In the New Yorker, Raghu Karnad has written about what people in India are seeing.
“On the morning of April 3rd, residents of Jalandhar, an industrial town in the Indian state of Punjab, woke to a startling sight: a panorama of snowcapped mountains across the eastern sky. The peaks and slopes of the Dhauladhars—a range in the lesser Himalayas—were not new, but the visibility was. … On March 24th, as a national lockdown was imposed to stop the spread of the coronavirus, nearly all of Jalandhar’s road traffic came to a halt, along with its manufacture of auto parts, hand tools, and sports equipment.
“Ten days later, suspended particulates had dispersed from the air, and the Himalayas were unveiled. Residents gathered on their rooftops, posting photos of far, icy elevations towering behind water tanks and clotheslines.
‘Never seen Dhauladhar range from my home rooftop in Jalandhar,’ the international cricketer Harbhajan Singh, who was born there forty years ago, tweeted. ‘Never could imagine that’s possible.’
“The view from my own rooftop, fifteen hundred miles to the south, in Bangalore, has not revealed any equivalent surprises. Instead, there is the birdsong. … I could never have imagined it possible, in an Indian city, to wake up not to the sounds of traffic but to the sovereignty of bulbuls and mynahs over the morning air. …
“The silence on the street may be therapeutic, but it can also feel grim, suspenseful. It suggests the held breath of a country bracing for disaster — not only for the brunt of a pandemic but for empty savings accounts, purses, and pantries. Millions of Indians eat only if they are paid wages each day, which means that when the lockdown was announced, a second epidemic, of hunger, began to unfold. …
“Of the thirty cities with the worst air pollution in the world, twenty-one are in northern India. … The World Health Organization has linked exposure to PM2.5—particles with a diameter of 2.5 micrometres or less—to a hundred thousand deaths in India each year, and that’s just among children below the age of five.
“The coronavirus will only compound these morbidities. Studies of viral pandemics such as the 1918 flu, or the 2003 SARS outbreak, found that residents of areas with more polluted air were far more likely to die. … The worst of the smog is seasonal, drifting over the city when the farmers of the Indo-Gangetic plain burn crop stubble after the harvest, in October. …
“The lockdown, whatever its effect on the virus, has given Indian cities the kiss of life. In a week, Delhi’s PM2.5 count dropped by seventy-one per cent. The sky is bluer now, the Yamuna River less black, and my friends say that the stars are out at night. ..
“The lockdown is also improving our understanding of the complex phenomena that contribute to pollution. ‘From a research viewpoint, this is a fantastic experiment,’ Sarath Guttikunda, a founder and director of UrbanEmissions.info, told me over the phone. …
‘What we’re seeing now is unprecedented: drops in commercial activity, industrial activity, and transport, all at the same time — not just in a city but, significantly, across a region,’ he said. The past few weeks have allowed his team to assess, for example, how responsible a given city is for its air quality. …
” ‘Now we don’t have to blindly say, ‘Look, you are responsible for seventy per cent of your pollution. Please do something about it,” Guttikunda said. ‘We have that proof.’ …
“To truly revitalize our air, we need to change how we cook, build, farm, travel, consume, and produce—bearing in mind, through it all, how we breathe.
“Such comprehensive action can seem impossible. Guttikunda’s hopeful analogy is to the 2008 Summer Olympic Games, a turning point for Beijing. …

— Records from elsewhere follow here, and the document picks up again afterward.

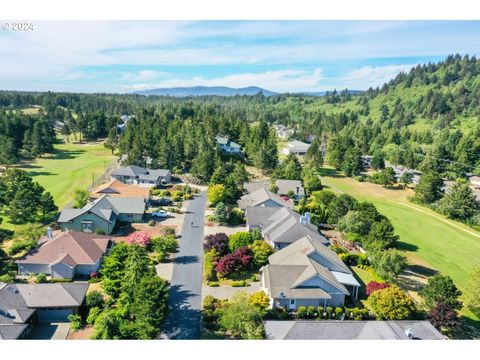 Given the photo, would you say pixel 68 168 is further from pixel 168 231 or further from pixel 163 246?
pixel 163 246

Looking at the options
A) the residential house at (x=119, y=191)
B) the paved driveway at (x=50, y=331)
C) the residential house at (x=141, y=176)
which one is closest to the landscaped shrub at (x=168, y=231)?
the residential house at (x=119, y=191)

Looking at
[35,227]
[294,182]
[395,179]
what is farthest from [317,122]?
[35,227]

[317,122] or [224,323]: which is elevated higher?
[317,122]

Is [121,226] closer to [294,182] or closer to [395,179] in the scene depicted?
[294,182]

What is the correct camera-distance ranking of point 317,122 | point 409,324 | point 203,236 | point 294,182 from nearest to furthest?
point 409,324 → point 203,236 → point 294,182 → point 317,122

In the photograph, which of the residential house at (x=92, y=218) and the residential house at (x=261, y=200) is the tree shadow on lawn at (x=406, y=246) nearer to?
the residential house at (x=261, y=200)

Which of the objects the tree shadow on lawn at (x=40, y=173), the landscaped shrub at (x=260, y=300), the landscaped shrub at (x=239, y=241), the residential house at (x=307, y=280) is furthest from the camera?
the tree shadow on lawn at (x=40, y=173)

” ‘For two months, people got to see the change possible in the city. … As soon as the Games were over, the restrictions were lifted and the PM2.5 levels shot back up,’ Guttikunda said. ‘But now there was a public outcry saying, “Look, we could have those blue skies for longer. We don’t mind the restrictions.” ‘ ”
More here.
great news! clean air for everyone
I’d heard about this and seen photos of the Himalayas. It must be shocking to suddenly see them again.
Like a ghost emerging from a fairy tale.
Fingers and toes crossed that this will spur lasting change. What is astonishing to me is how soon the air cleared.
Indeed. It’s amazing how fast certain kinds of things can be fixed under the right conditions.